Back in August, I reported a breach involving the Guttenberg Housing Authority in New Jersey that had reportedly left many housing residents and housing applicants on the waiting list confused and worried due to the lack of information in the notifications. Three months later, Tricia Tirella of the Hudson Reporter reports that residents are still unable to get specific answers from GHA and that some have now gone to the police:
Originally, GHA officials declined to comment when the Reporter asked them questions about the incident. The Newark office of the federal department of Housing and Urban Development (HUD), which oversees the GHA, also declined to comment on the matter, releasing a statement that “It is HUD’s policy to refrain from commenting on matters in which litigation is pending or threatened to avoid prejudicing the position of the parties.”
It is unclear what the mention of “litigation” refers to.
This past Nov. 16, the Hudson Reporter asked GHA Executive Director Barbara Criscione if there was any progress in the investigation. The Reporter also requested public documents related to the investigation, citing the state’s Open Public Records Act. Among the information requested was any written correspondence to the police or other government authorities on the investigation.

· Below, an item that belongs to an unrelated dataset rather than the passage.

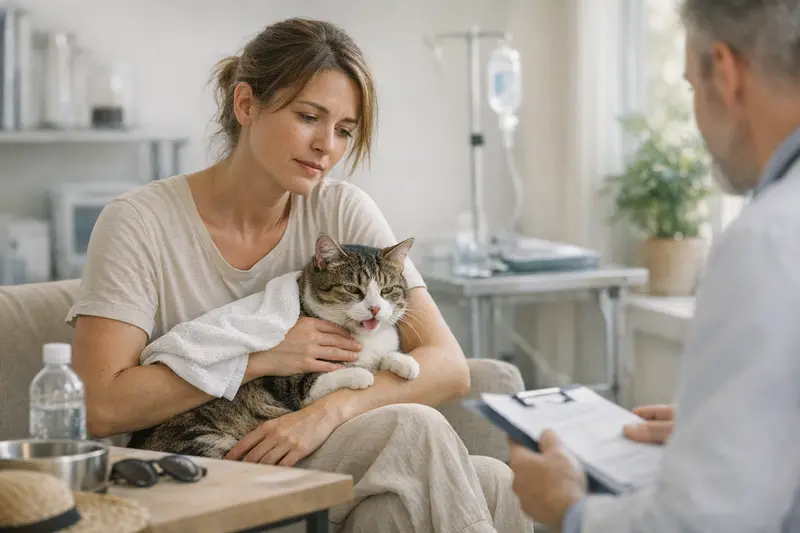 Eine gesunde Katze entspannt und trinkt Wasser an einem heißen Sommertag, um Dehydrierung vorzubeugen.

Criscione responded last week by saying that she had no comment and that residents could directly contact the GHA office for additional questions. She said that the GHA was denying the OPRA request for documents related to the investigation because it was “overly broad and unclear.” She also denied the request for “written notification to police or other government authorities” because it “…is related to an ongoing investigation of this agency, and disclosure of such information would be adverse to the public interest.”
[…]
Several residents have now filed police complaints – and the police say the GHA has been equally unhelpful with them.
Read more in the Hudson Reporter.
DataBreaches.net has routinely called for transparency and adequately detailed notification letters. While some breaches are not disclosed promptly and fully due to active law enforcement investigations that might be compromised by disclosure, it is not clear whether this is one of those situations. But how would you like to be in the residents’ shoes of not knowing what the heck happened?

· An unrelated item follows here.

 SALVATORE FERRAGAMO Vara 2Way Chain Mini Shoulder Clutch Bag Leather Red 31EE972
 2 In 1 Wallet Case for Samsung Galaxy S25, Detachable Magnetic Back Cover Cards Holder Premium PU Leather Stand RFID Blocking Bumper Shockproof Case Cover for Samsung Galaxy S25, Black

In the meantime, because the breach involved unauthorized access of SSN and financial data, I would encourage all people who are residents or who were on the waiting list for housing to assume that their data were taken for purposes of ID theft and take the kinds of cautionary steps recommended by non-profit organizations like the Identity Theft Resource Center and Privacy Rights Clearinghouse. The Federal Trade Commission also provides free and helpful advice as to what to do in this type of situation.